I was delighted to participate in this year’s 16th Annual Compliance and Ethics Institute leading a session that delved into insights around how pressure points can create the perfect storm for ethical people to fall into unethical choices. The session explored the underpinnings of social cognitive scientific research and how that frames the learning environments that influence decision making. I pointed to Social Learning Theory which points heavily to the trifecta of modeling, innate views and observational learning to how seasoned executives fall into the Single Loop Learning path, finding it difficult to unlearn old behaviors. To provide context into a real-life situation, I invited Rashmi Airan to share her first-hand account of her rise and fall, to the practical advice and lessons learned in identifying ethical blind spots. I believe, for attendees, it was one hour well spent.

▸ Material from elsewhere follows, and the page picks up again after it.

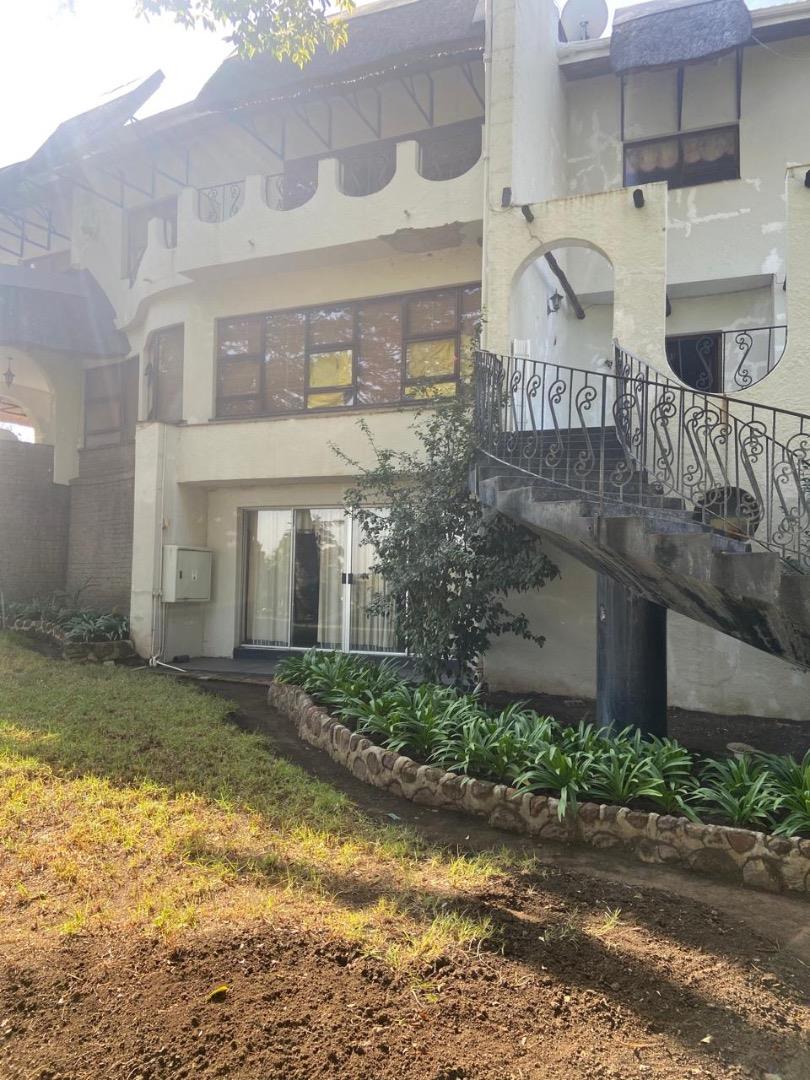 6 Bedroom House for Sale - KwaZulu Natal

Humbled by a series of difficult decisions, which included six months in federal prison, Rashmi made clear her sheer determination to help others create a culture of conversation around ethics and compliance not only at work but in all aspects of our lives. We discussed why doing the right thing, even when it hurts, can create opportunity. And we explored how to inspire employees to make good, deliberate ethical choices on their way to success.
Rashmi has walked the talk, transforming her mess into a message, referencing her Ted Talk “Against the Slippery Slope. “If I just paused, and listened to the little voice, I wouldn’t have made the wrong choices that I did.”
In conclusion, I remarked, “Asking difficult questions and questioning underlying assumptions is an ethical muscle that needs practice.” We enjoyed the interaction with the audience which had many intriguing questions.